(Stored records)
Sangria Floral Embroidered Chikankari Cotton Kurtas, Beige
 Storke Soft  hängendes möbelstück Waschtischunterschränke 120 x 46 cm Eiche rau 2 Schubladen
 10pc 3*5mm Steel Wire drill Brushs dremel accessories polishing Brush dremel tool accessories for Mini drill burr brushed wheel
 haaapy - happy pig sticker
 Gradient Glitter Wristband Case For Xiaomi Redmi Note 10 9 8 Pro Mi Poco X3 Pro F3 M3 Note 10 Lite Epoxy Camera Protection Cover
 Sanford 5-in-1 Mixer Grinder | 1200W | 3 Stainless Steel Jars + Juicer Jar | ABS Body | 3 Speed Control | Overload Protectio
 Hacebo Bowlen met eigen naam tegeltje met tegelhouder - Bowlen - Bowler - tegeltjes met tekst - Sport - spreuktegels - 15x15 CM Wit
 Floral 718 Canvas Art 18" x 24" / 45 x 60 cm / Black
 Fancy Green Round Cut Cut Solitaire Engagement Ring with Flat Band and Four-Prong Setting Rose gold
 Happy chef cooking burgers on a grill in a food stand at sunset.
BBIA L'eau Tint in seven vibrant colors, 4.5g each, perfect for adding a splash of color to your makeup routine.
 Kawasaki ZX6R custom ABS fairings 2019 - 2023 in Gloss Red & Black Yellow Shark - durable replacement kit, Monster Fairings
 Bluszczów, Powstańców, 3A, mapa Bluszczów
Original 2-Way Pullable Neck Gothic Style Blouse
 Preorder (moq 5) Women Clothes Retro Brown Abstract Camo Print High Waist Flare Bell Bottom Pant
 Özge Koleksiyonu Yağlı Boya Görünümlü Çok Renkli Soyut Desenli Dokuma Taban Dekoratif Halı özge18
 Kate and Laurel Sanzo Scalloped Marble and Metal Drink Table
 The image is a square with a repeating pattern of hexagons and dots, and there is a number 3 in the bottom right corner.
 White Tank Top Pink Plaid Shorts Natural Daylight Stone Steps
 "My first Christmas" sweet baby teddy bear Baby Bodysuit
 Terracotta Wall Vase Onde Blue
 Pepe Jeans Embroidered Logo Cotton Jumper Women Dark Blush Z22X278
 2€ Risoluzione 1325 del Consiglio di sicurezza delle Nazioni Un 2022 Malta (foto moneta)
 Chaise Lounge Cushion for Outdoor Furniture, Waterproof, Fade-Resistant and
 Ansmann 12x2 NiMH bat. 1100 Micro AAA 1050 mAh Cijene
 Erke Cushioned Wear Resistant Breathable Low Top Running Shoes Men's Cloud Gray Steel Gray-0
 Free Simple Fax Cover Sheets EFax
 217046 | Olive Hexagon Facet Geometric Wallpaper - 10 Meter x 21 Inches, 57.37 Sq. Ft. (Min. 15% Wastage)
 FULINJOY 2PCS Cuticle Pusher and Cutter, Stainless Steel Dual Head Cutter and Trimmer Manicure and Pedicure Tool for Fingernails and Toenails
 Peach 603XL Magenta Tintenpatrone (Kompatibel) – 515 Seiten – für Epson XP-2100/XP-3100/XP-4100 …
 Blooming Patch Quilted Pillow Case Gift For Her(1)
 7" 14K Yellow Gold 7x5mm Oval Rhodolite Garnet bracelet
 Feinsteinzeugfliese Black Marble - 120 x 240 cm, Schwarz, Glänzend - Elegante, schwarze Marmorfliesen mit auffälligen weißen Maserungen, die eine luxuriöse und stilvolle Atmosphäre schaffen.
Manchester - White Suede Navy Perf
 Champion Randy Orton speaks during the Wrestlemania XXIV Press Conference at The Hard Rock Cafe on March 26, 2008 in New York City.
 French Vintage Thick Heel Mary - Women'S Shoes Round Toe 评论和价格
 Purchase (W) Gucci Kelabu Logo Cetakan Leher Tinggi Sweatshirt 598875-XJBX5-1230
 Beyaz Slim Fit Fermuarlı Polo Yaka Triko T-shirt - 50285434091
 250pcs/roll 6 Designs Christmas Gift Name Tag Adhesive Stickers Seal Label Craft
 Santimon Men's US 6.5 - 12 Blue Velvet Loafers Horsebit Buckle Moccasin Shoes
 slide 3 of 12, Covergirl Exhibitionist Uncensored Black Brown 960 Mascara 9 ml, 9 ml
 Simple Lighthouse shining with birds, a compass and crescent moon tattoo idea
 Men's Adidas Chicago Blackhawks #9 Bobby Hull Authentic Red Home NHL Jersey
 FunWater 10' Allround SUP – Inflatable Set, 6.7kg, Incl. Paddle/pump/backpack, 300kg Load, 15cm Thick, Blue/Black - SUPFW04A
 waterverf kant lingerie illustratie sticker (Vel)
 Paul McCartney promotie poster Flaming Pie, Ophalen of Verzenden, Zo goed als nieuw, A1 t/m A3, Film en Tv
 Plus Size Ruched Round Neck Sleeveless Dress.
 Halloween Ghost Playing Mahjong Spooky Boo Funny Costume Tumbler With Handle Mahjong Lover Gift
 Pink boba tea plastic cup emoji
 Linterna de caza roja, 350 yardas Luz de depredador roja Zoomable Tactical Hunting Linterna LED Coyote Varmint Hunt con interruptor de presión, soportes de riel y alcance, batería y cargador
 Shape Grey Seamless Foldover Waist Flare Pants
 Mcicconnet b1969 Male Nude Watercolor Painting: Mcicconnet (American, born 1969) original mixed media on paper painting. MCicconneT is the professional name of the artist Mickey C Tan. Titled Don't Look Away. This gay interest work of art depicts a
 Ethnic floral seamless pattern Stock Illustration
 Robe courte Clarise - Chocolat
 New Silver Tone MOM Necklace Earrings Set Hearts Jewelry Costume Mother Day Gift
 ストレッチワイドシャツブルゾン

TASK DESCRIPTION: All lines above that contain the word "Waist" are to be copied.

SOLUTION FOR THIS PROBLEM:
 Preorder (moq 5) Women Clothes Retro Brown Abstract Camo Print High Waist Flare Bell Bottom Pant
 Shape Grey Seamless Foldover Waist Flare Pants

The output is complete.